At Lynchburg, Virginia, in June 1864, there were present on the field of battle ex-Vice President of the United States Gen. John C. Breckinridge, and future Presidents Maj. William McKinley and Gen. Rutherford B. Hayes. Other Union Generals who later became President were U. S. Grant, Chester A. Arthur, James A. Garfield and Benjamin Harrison.
General George Custer was the last man in his class at West Point, but he later outranked the other 33 when he was promoted to Major General of Volunteers in 1865. Only one classmate, Adelbert Ames, received an equivalent rank, and he was the last surviving member who died in Ormand, FL, in 1933--57years after Custer's death at Little Big Horn.
Jefferson Davis graduated 23rd in his class at West Point. He served in the House of Representatives and the United States Senate, was a Colonel in the Mexican War, and served as Secretary of War in President Pierce's Cabinet from 1853-1857.
Of the original 26 members of the Confederate Senate, 14 were former United States Congressman.

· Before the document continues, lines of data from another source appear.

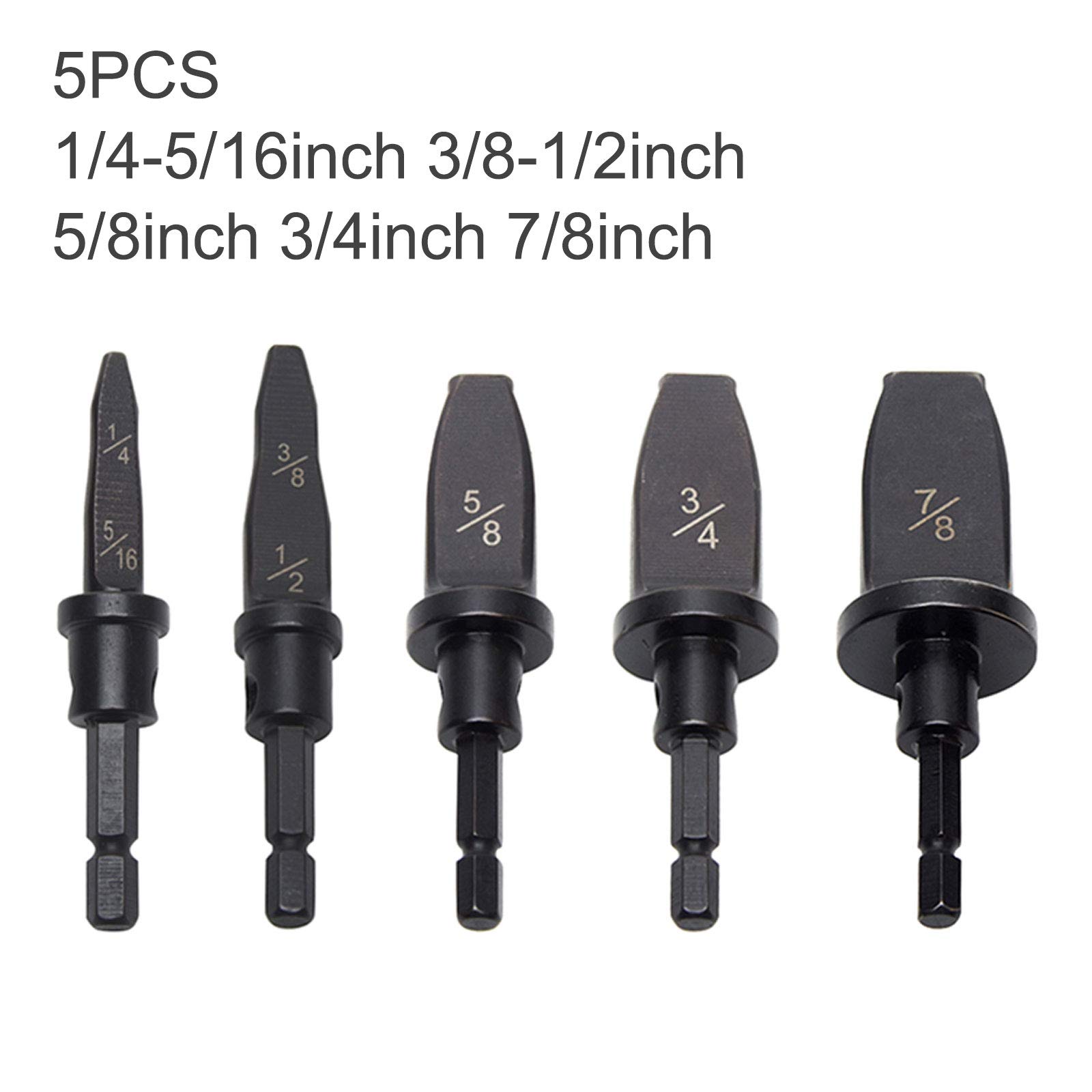 5-Piece Swaging Tool Drill Bit Set for HVAC & Refrigeration - Imperial Pipe Expander (1/4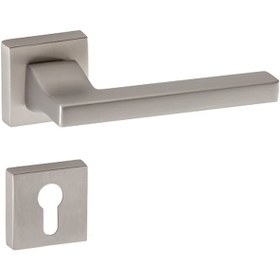 Resim Doğanlar Turkuaz Süper Saten Rozetli Kapı Kolu Takım-yale Kol 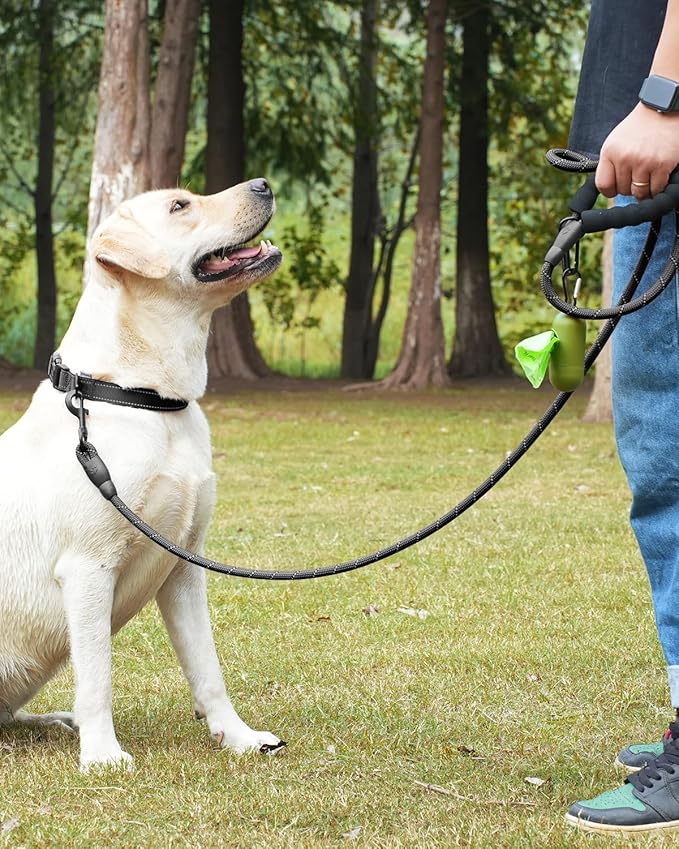 Dynmeow Reflective Dog Collar and Leash Set, 6FT Strong Climbing Rope Leash with Padded Handle, Adjustable Pet Collar with Soft Neoprene Padding for Medium Large Dogs, Black, M
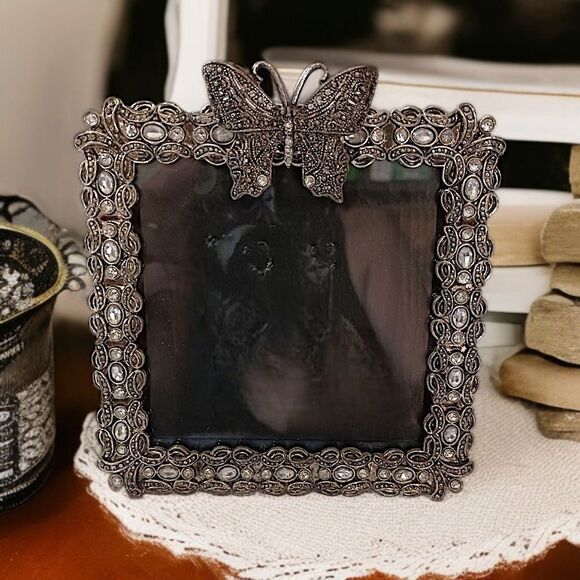 Butterfly Floral Picture Frame Ornate Metal Rhinestones Fairy Cottage Whimsigoth - Picture 15 of 16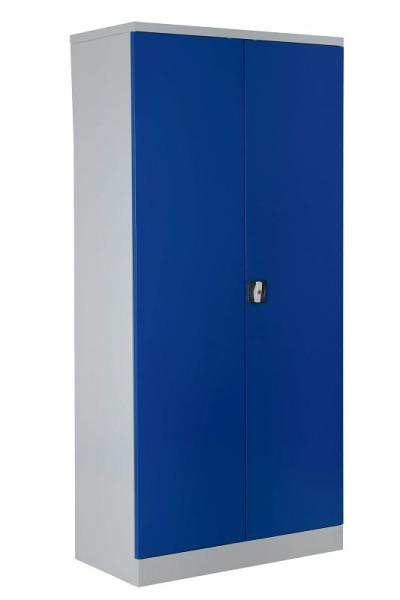 Gürkan Flügeltürenschrank, 50 x 92 x 195 cm, Lichtgrau, Enzianblau, Verstärkte Fachboden Stück 4, FLC.195/N, 109770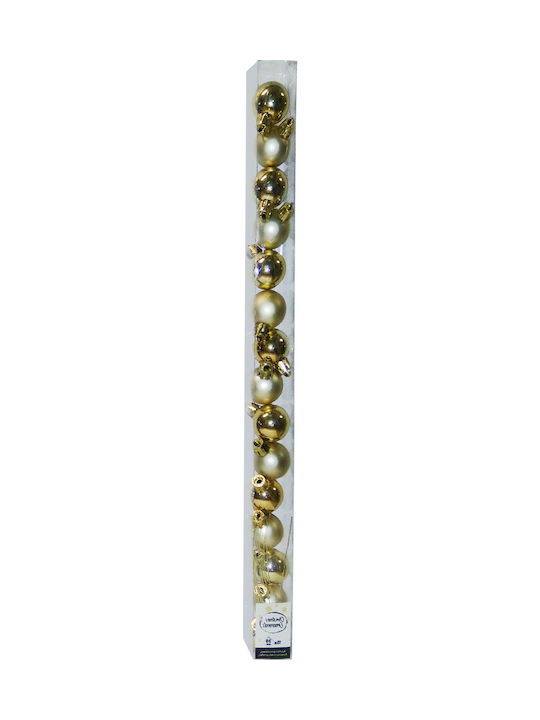 Σετ 15 Μπάλες Πλαστικές Χρυσές 3cm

Robert E. Lee and P.G.T. Beauregard had both served as Superintendent of the United States Military Academy. William Tecumsah Sherman was Superintendent of the Louisiana Seminary of Learning and Military Academy on the eve of the Civil War.
Confederate Generals Joseph E. Johnston and Samuel Cooper held high positions in the United States Army in 1861. Johnston was the Quartermaster General and Cooper the Adjutant General. Johnston in later years was a pallbearer at the funerals of General U. S. Grant, Admiral David D. Porter and William T. Sherman. He had faced all three in battle, and his death is said to have been brought on by pneumonia contracted at General Sherman's funeral.
Gen. George B. McClellan, "Stonewall" Jackson and General George Pickert were graduated in the same class at West Point. Pickert received his appointment to the Academy through John Todd Stuart, Lincoln's law partner.
Commodore Franklin Buchanan, first Superintendent of the U.S. Naval Academy and Commander of the Washington Navy Yard when the Civil war began, cast his lot with the South. Later, in command of the C.S.S. Virginia, he destroyed the U.S.S. Congress on which his brother was an officer.